Я любил, когда она садилась рядом и обнимала меня за плечи, прижавшись щекой к плечу.

– То, что я пошла в школу на полтора года раньше остальных, не делает меня гением. Только малолеткой, которую никто не принимает всерьез. Даже ты.

– Я принимаю.

– Извини. Я сгоряча. Я знаю, что принимаешь.

Я целовал ее ладони и мягкие прохладные губы.

Хуже всего было расставаться. Почти невыносимо. Играть в секреты в пятнадцать проще чем в двадцать три. Мне хотелось видеть ее. Видеть каждый день. Прикасаться к ней. Обнимать, согревая ее холодные пальцы под рубашкой. Расчесывать ее волосы. Мне хотелось гнать пинками прочь из календаря недели, что отделяли нас от ее шестнадцатилетия.

Я хотел, чтобы она была моей.

Никогда не думал, что могу стать таким собственником.
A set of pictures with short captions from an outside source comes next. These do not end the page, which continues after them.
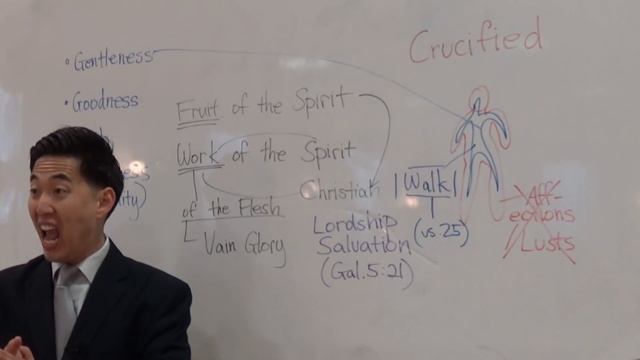 Jerks and Fleshy Sinners Are SAVED CHRISTIANS? (Gal. 5:25-6:2) | Dr. Gene Kim смотреть онлайн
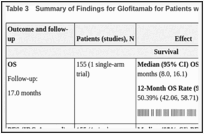 Table 3. Summary of Findings for Glofitamab for Patients with R/R DLBCL.
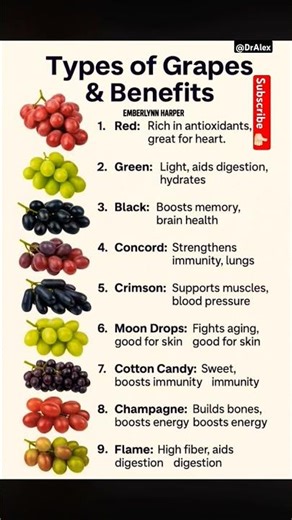 Top 9 😱Types of Grapes & Their Health Benefits 🍇 | Which One Is Best for You?#viral #shorts #viral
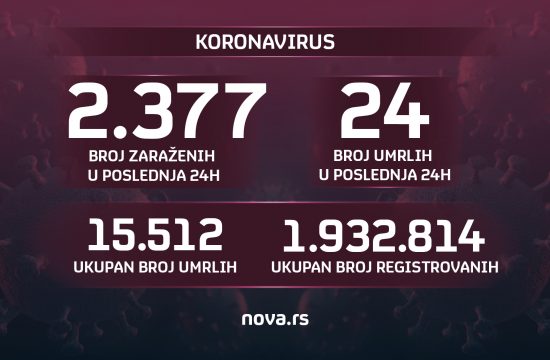 Brojke, koronavirus, broj zaraženih, umrlih, 09.03.2022. Grafika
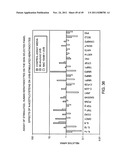 SYSTEMS AND METHODS FOR CHARACTERIZING A BIOLOGICAL CONDITION OR AGENT     USING SELECTED GENE EXPRESSION PROFILES diagram and image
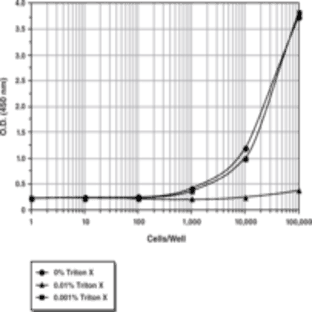 WST-1 Cell Proliferation Assay Kit avatar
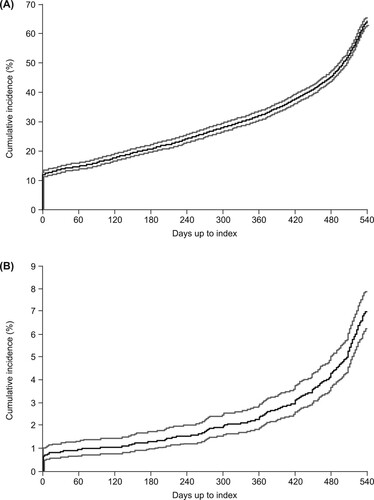 Figure 2. Cumulative incidence of (A) all patients treated with corticosteroids at any point during the 18 months prior to the index date and (B) all patients treated with immunoglobulin at any point during the 18 months prior to the index date. Gray lines represent 95% confidence intervals.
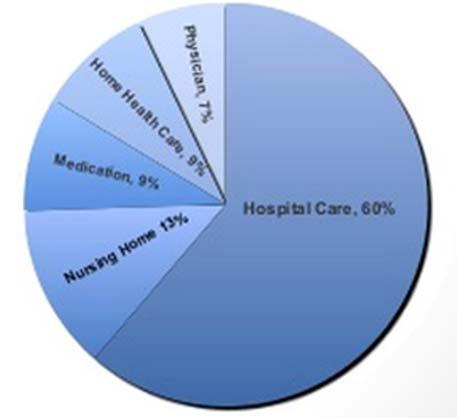 Hospitalization & Heart Failure HF is the primary diagnosis in>1 million hospitalizations annually Patients hospitalized for HF are at high risk for all cause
Я набирал ее номер, выходя утром из дома. Просто чтобы услышать ее чуть сонный теплый голос.

– Лондон. Мне сегодня снилась какая-то ерунда…

– Хочешь, я  приеду и обниму тебя?

– Нет. Мама дома. Просто… не знаю, такое чувство, будто сегодня что-то плохое случится.

– Давай так. Расскажи, что снилось, и я тебе за три с половиной секунды нагуглю, что все астрологи в один голос обещают счастье те, кто увидел такое во сне.

– Ты смеешься.

– Нет, я стараюсь рассмешить тебя.

Любой другой я сказал бы что-нибудь о том, что не стоит маяться ерундой и верить снам, и тем более накручивать себя с утра. Но не ей. Ее хотелось взять на руки и укачивать, пока из ее переменчивых глаз не схлынет тревога. И целовать – маленькое ушко, шею, ямку под мочкой, ямку у ключицы. И дышать ее запахом…

«Прости. Ты был хорошим другом. Я дерьмо»

Я не сразу понял тогда, что читаю. От кого сообщение. А вот где этот идиот, догадался мгновенно. Захотелось перезвонить Саше и извиниться за шутки. Она чувствовала все всегда острее, чем я.

Только времени не было. Гордеев сидел на краю бетонного парапета крыши, свесив ноги, и с каким-то странным омерзением заглядывал внутрь.

– Какого…

– Не подходи, я прыгну, - перебил он и поерзал. Показывал серьезность намерений.

– Ты и так прыгнешь. Месседжи идиотские разослал? На крышу залез? Дальше что? Только прыгать.

– Я прыгну, – повторил Витька с угрозой. – Я все просрал, Лон. Я ничтожество.

– Ок, что я тебе сделал? Я тебя не предавал. Ты сам написал мне, что я был хорошим другом.